Today we had my Post-Op appointment. We got to talk to Dr. B about how the surgery went and what he found as well as talk about what’s next. Dr. B said that my endo is the worse case scenario. He said it is covering not just my uterus, but ovaries, bladder, gallbladder, and anything else it can cling on to. It was surreal seeing the pictures of it everywhere. He also said that since my septum was so large that it really made the endo much worse. And that I do in fact have PCOS.
So it looks like my next steps are to start taking metformin which will help get rid of the cysts on my ovaries for the PCOS. Metformin decreases the level of androgen’s produced by the ovaries and adrenal glands and helps the body use insulin. I’m starting that medicine tonight. Next Wednesday I am going to start getting a Lupron Shot, every 4 weeks for the next 6 months. Lupron is a hormonal treatment that shuts down the pituitary gland and reduces the amount of estrogen in a woman’s system. Since endometriosis feeds off of estrogen the medicine should help to shrink any growth. I always teased my mom saying she was going through menopause (which she wasn’t) and it looks like I will actually be experiencing parts of it before her! I guess serves me right! 🙂
So after taking the shots for 6 months I will be put back on birth control to help jump start my cycles again. During that time I will be getting an X Rays to see if my uterus healed properly, see if my tubes opened up and to make sure I don’t have too much scar tissue. If they open up Gannon and I can start trying to get pregnant naturally. If they do not then we will start to explore Invitro. Our prayers for now will be that I don’t have any major side effects from the metformin or Lupron and that it will help decrease my endo without any scar tissues as well as open up my tubes.
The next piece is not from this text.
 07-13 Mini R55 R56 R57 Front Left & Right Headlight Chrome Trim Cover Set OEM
I am just thankful that we do have the technology to allow me to even be on a road towards future babies. It is terrifying to think that if this happened probably 50 years ago I just wouldn’t be able to have children. So for now, I am going to continue to trust in God and know that he is in control. I will take each day as they come and continue to see the best in each situation. It’s hard to think that our time line is at least 9 months away from even being able to start trying again. But Gannon and I have already put 9 months of our hearts into trying without any results so now we know we are finally on the upward slope to the possibility of children. For now I am going to enjoy my husband while I have him all to myself and try and check some more things off our bucket list! And maybe I can convince him we need to squeeze another trip in 🙂 Thanks again for everyone involved in our journey to parenthood. We really couldn’t do this without all the prayers and support from you all!
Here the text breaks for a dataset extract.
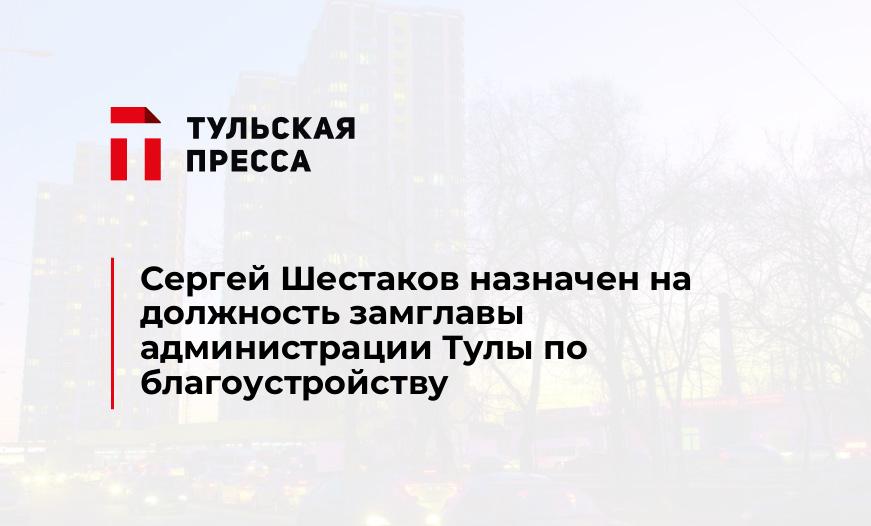Сергей Шестаков назначен на должность замглавы администрации Тулы по благоустройству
These are just some encouraging bible verses that helped me today and I wanted to share!
Psalm 50:15 “Pray to me in time of trouble. I will rescue you, and you will honor me.”
Isaiah 41:10 “So do not fear, for I am with you; do not be dismayed, for I am your God. I will strengthen you and help you; I will uphold you with my righteous right hand.”
Psalm 16:18 “I have set the LORD always before me. Because he is at my right hand, I will not be shaken.”
Finally, I wanted to take a moment to brag about this guy! I am so thankful for his unconditional love and support! He has been there for me every step of the way and I am just so so grateful! He really is the best!